How Eagle softball is handling national hype
Senior Bradie Fillmore braced herself for Eagle’s first practice this spring.
Every member of the Mustangs’ varsity team plays club softball, and Eagle returned all but one starter from a year ago. But nine months had passed since Eagle won the 5A state title, and she knows the first time on the diamond is always rough, especially in the field.
Instead, the Mustangs whipped the ball around the field, showing no signs of rust or a championship hangover.
“We were totally fine, and it felt like we just picked up where we left off,” Fillmore said. “It just clicked. We felt like we never stopped playing with each other.”
Unfortunately for the rest of the Treasure Valley, the Mustangs have yet to stop pummeling opponents. Eagle is 21-0 overall and 14-0 in the 5A Southern Idaho Conference, making the defending state champs 51-1 since the start of the 2015 season.
Eagle’s dominance has grabbed national attention. The Mustangs rank second in a pair of national polls: the CBS MaxPreps Xcellent 25 and the The USA TODAY High School Sports/ National Fastpitch Coaches Association Super 25.
12.1 Average margin of victory for Eagle since the start of the 2015 season.
Those rankings typically fall to schools from warm-weather states that play year round. But Eagle’s jaw-dropping numbers and its roster full of college talent have forced national outlets to turn their attention to Idaho.
“We probably wouldn’t put up 20 runs on the top 10 teams in the nation, but I think we could hang with them,” said Eagle coach Nicole Rollins, who took over the program after former coach Doug Corta died in the offseason after battling a brain tumor.

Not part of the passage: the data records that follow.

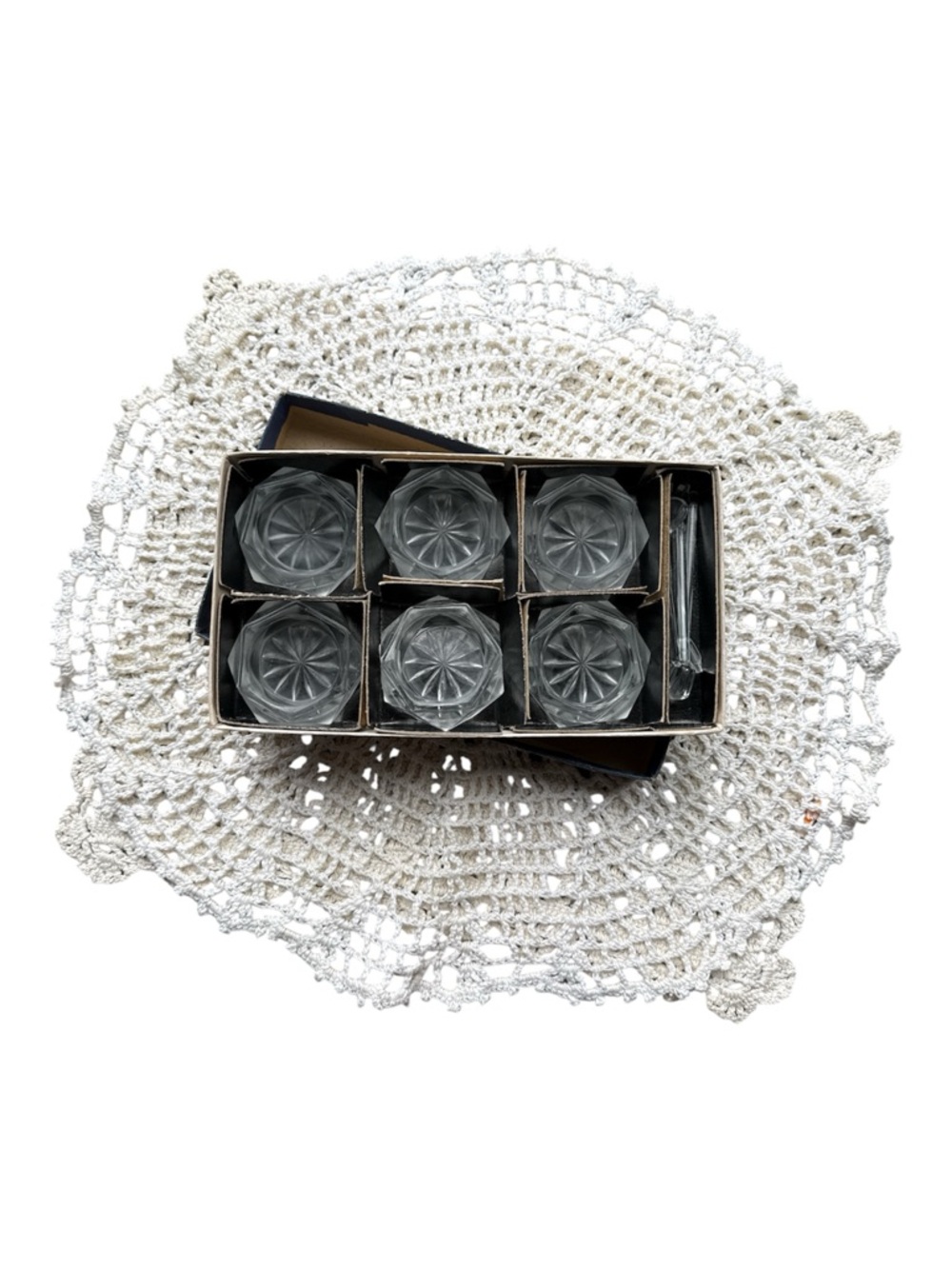 Bohemia Glass Salt Cellars Set Czech Crystal Individual Salts w Spoons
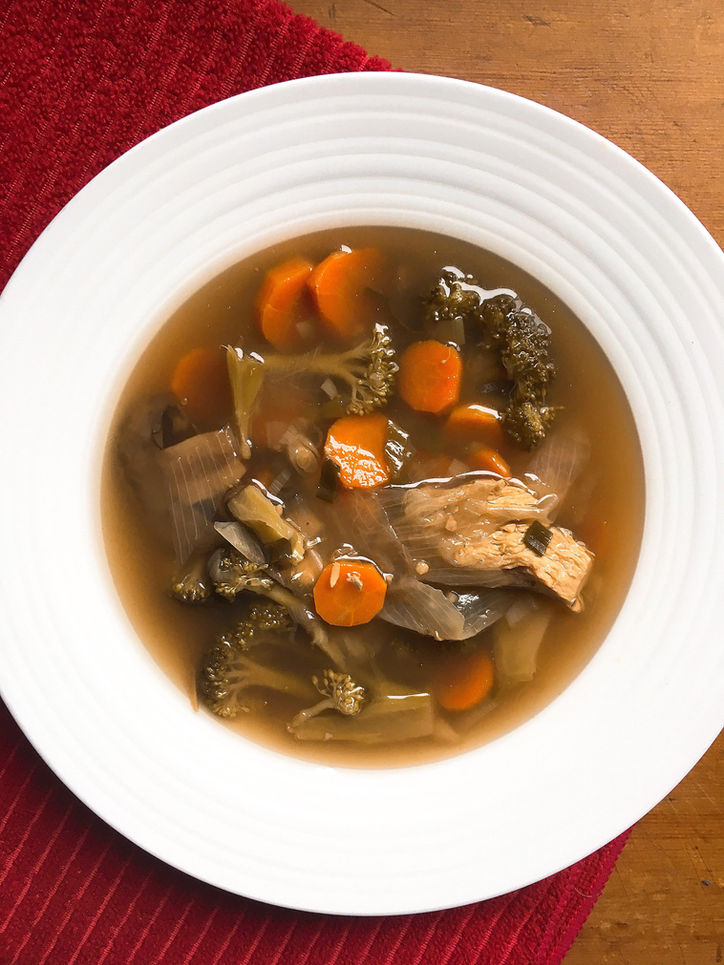 Slow Cooked Veggie Pho Soup
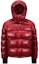 Buy Moncler Maljasset FW24 Short Down Jacket Unisex Red Detachable Hood Puffer Coat J20911A000065963V438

“I think the girls are handling it well. At first, it was exciting. And it’s exciting for the people who didn’t see it and weren’t a part of it last year.”
Fillmore said she gets recognized at the gas station if she’s wearing Eagle softball gear. But after entering the MaxPreps rankings midway through last season, finishing 2015 as the No. 10 team in the nation and steadily climbing throughout the spring, Fillmore said the Mustangs are used to extra eyes on them.
“The national attention is awesome,” said Fillmore, who committed to Cal after her freshman season. “It’s great for the Valley and all the other kids here. But I think we try to not let it get to us, because that’s not the most important thing. In the end, we won’t play those other teams and it’s based on stats. What matters now is our high school season and our ultimate goal of winning state.”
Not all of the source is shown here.